Wie angekündigt geht es heute um die Frage, wieso es eine schlechte Idee ist, nach der Übernahme eines Botnets den Schadcode auf den einzelnen Bots durch harmlosen Code zu ersetzen. Mal abgesehen davon, dass so eine Manipulation fremder Rechner in vielen Staaten zu Recht verboten ist.

Erstens: Fremder Code ist immer unerwünscht!

Erst mal gilt grundsätzlich "My Computer is my Castle": Nur der Benutzer entscheidet, welche Programme darauf laufen sollen. Jedenfalls im Idealfall, von dem ich jetzt einfach mal ausgehe. Jeder ohne Einverständnis des Benutzers laufende Code verstößt grundsätzlich gegen diese Regel. Das gilt natürlich insbesondere für Schadsoftware.

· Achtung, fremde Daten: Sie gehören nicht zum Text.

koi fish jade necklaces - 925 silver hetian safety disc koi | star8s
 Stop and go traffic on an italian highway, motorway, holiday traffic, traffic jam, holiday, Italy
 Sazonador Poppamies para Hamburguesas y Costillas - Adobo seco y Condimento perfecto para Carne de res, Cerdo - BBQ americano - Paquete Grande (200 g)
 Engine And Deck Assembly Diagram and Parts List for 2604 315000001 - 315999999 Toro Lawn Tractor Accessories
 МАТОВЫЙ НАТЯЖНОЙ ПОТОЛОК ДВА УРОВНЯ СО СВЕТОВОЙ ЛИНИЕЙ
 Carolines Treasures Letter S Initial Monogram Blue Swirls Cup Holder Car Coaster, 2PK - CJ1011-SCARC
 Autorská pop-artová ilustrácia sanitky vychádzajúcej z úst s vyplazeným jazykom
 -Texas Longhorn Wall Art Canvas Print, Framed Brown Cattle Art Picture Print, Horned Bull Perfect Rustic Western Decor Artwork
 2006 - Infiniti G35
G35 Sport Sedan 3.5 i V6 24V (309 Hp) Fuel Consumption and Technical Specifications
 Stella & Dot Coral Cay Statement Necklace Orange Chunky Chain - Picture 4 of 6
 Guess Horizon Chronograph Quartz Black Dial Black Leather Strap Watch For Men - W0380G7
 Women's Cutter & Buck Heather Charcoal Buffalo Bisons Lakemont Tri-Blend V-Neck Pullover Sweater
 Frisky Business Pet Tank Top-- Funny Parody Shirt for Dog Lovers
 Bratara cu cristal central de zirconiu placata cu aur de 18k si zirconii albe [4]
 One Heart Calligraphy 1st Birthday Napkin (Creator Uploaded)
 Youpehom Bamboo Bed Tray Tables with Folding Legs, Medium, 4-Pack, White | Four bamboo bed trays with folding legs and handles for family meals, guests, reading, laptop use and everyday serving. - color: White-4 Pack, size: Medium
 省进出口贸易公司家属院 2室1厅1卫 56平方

Jetzt könnte man grundsätzlich argumentieren, dass der Austausch des Schadcodes durch "harmlosen" Code diese Situation vom "schlimm, da böser Code" zu "weniger schlimm, da harmloser Code" verbessert. Auf dem ersten Blick ist das richtig, auf dem zweiten nicht: Wenn das zum Schadcode gehörende Botnet bereits unter der Kontrolle der "Guten" steht, führt der Schadcode ja keine Schadfunktion mehr aus, z.B. sammelt er keine Passwörter mehr oder sendet Daten an die Cyberkriminellen. Da kein Grund besteht, Schaden durch einen Austausch der Schadfunktion durch harmlose Funktionen (vermutlich also "Nichtstun") zu verhindern, kommen wir zu

Zweitens: Jeder Code kann Nebenwirkungen haben

Der infizierte Rechner funktioniert trotz des eingeschleusten Schadcodes ja anscheinend mehr oder weniger einwandfrei. Zumindest so gut, dass der Benutzer keinen Grund hatte, nach Schadcode zu suchen oder das System neu zu installieren. Was passiert aber, wenn die (durch Ausschalten des Botnets ja wirkungslosen) Schadfunktionen durch andere Funktionen ersetzt werden? Und das, indem eine den "Guten" ja nicht unbedingt vollständig bekannte Updatefunktion des Schadcodes genutzt wird? Wer übernimmt die Verantwortung, wenn der "harmlose" Code Schaden anrichtet?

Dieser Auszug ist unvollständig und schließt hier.